Whose Land Is It Anyway?
The Old Testament book of Leviticus describes the Year of Jubilee as the year after the seventh “Sabbath Year” in a succession of 49 years. The Sabbath Year happens every 7 years and it, according to Leviticus 25, is a year of “solemn rest for the land”. Literally, the land was to take “a sabbath to the Lord.” During this sabbath the land was to go unsown. No planting or harvesting was to be performed on the land during the Sabbath Year. The people were to live off the harvest of the sixth year while the land rested through the sabbath year.
Now there are likely already enough questions for a large FAQ page, but I am not going to get distracted by questions at this point. Let’s push forward. String seven of these Sabbath Years together and you land on a Year of Jubilee. This is a special year for a lot of reasons but the most special characteristic of the jubilee year is the act of redemption. Liberty was proclaimed throughout the land - debts were canceled, slaves were freed, land was given back to owners that may have lost or sold the land previously. All the people of Israel would “return to his property” and “return to his clan” (God is big into family if you didn’t know).
So obviously this whole idea of giving back everything in the year of Jubilee caused some serious consideration when dealing with other people who would observe the year of jubilee. If people bought or sold property, they would consider the price of the property based on the sale’s proximity to the Jubilee Year. In fact, the book of Leviticus gives instructions on how one should value their sale in this manner. People did not go overboard when considering the purchase of a property if they knew that it would go back to the owner at some point in the near future.
If someone had a slave, they had to consider the Year of Jubilee because that slave would go free when the Jubilee came around. Everything was in essence reset by the year of jubilee and everybody had to consider their treatment of others based on this reality. For this reason God made sure that the people rightly considered their position with regard to the statute of the Jubilee Year. In verse 17, the people are instructed to “not wrong one another, but you shall fear your God, for I am the Lord your God.” The Year of Jubilee was intended to make people conscientious of their treatment of others, and, more specifically, how God wanted them to treat others.

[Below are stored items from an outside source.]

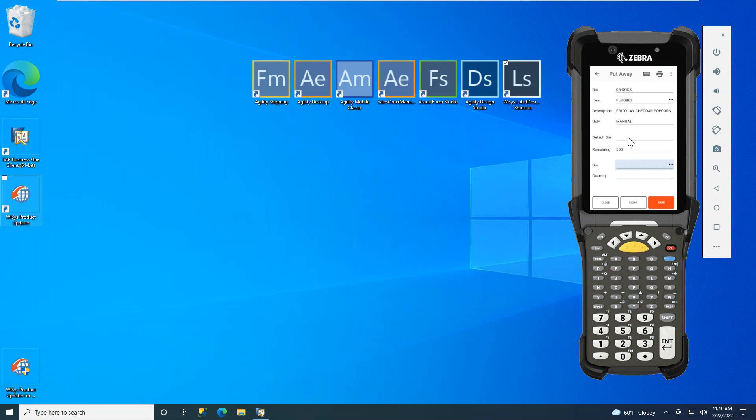We also have a default bin that could be set, but today we are giving the option to put away in an open bin. I will then take that product, scan the bin, and type in the quantity that I am putting away to that bin and save that form.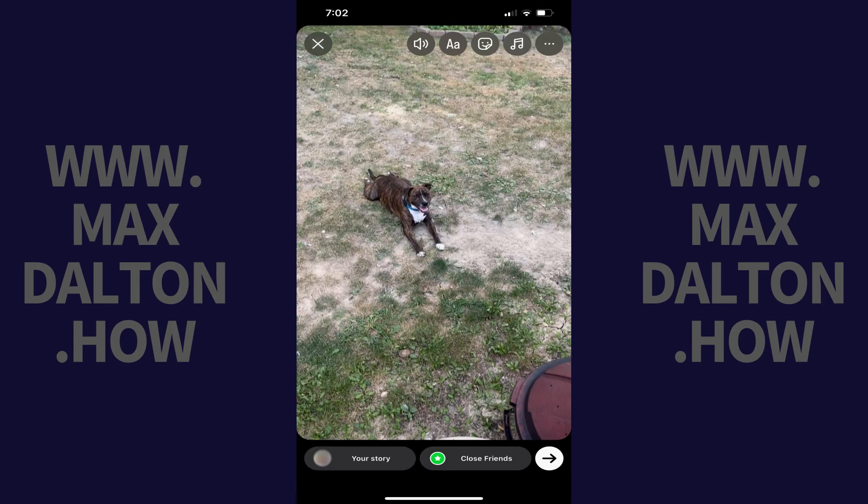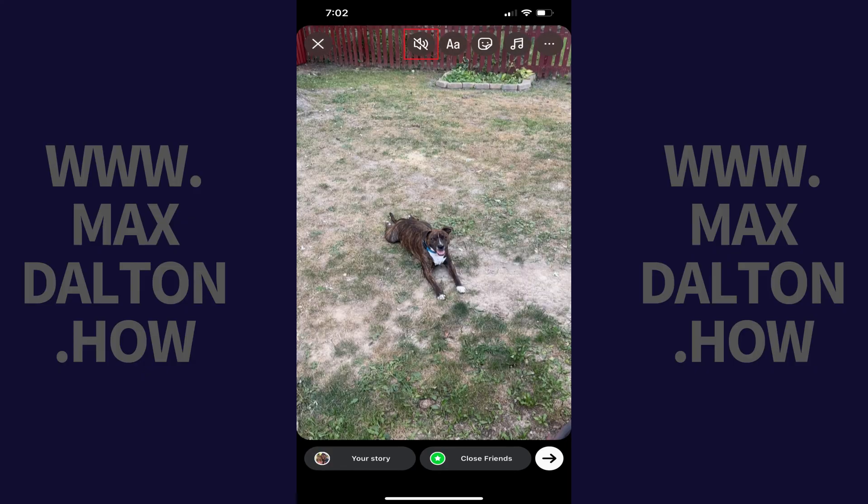Step 4. When you land on the editing screen, tap the sound icon at the top of the screen until you see a line going through it. Now, when you post your Instagram story, it won't post with any audio.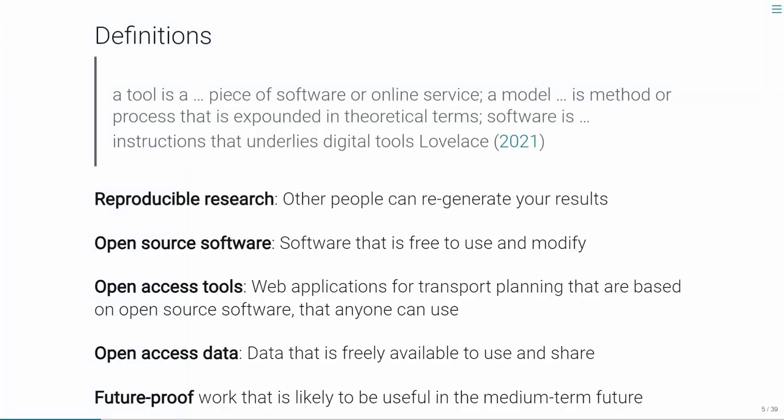Finally, 'future-proof' means work that's likely to be useful in the medium-term future — say, 10 years from now. Will you be able to say that paper you wrote still has some identifiable impact? If you're working on a paper, put yourself 10 years in the future: what's going to have changed as a result? Are you going to have written a PDF hidden behind a paywall that a few people read and everyone forgets? Or does it continue as a legacy — cited by others, influencing people, or resulting in tangible change?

Of course we do not observe the Sabbath or Jubilee Years now (don’t worry, the Jews don’t either). We do not allow the land to rest, and we do not let the slave go free. Debts are not cancelled and nothing is redeemed. When we purchase a property it is ours and there is no redeeming it. We no longer have to trust God for the sixth year harvest to meet the needs of the seventh year. We certainly do not have to treat others with the respect required by the Jubilee. All things belong to man in perpetuity. But, is this the way God thinks?
God has told us through His word that He does not change. Since this is truth, we would do well to consider Leviticus 25 once again. In these passages God states that “the land shall not be sold in perpetuity, for the land is mine.” With the word “mine” God is referring to Himself. The land is His. The same is true of the slave, the debtor, the rich man and the poor man. Everything is God’s. We need to understand that we only possess that which we cannot afford in the first place.
The redemption of the Jubilee is not a declaration of loss. It is a proclamation of freedom. A man cannot lose that which he never owned. And, when it comes to property, no person can gain that which they can never buy. If you have ownership of something, you must understand that your ownership is simply title to use. When your time is over and the Jubilee comes, it’s all going back to the original owner. The One who gave it. The One who preserved it through the millennia. It all goes back to God.
That understanding can bring sweet freedom or it can be a bitter pill. You are going to have to swallow it either way.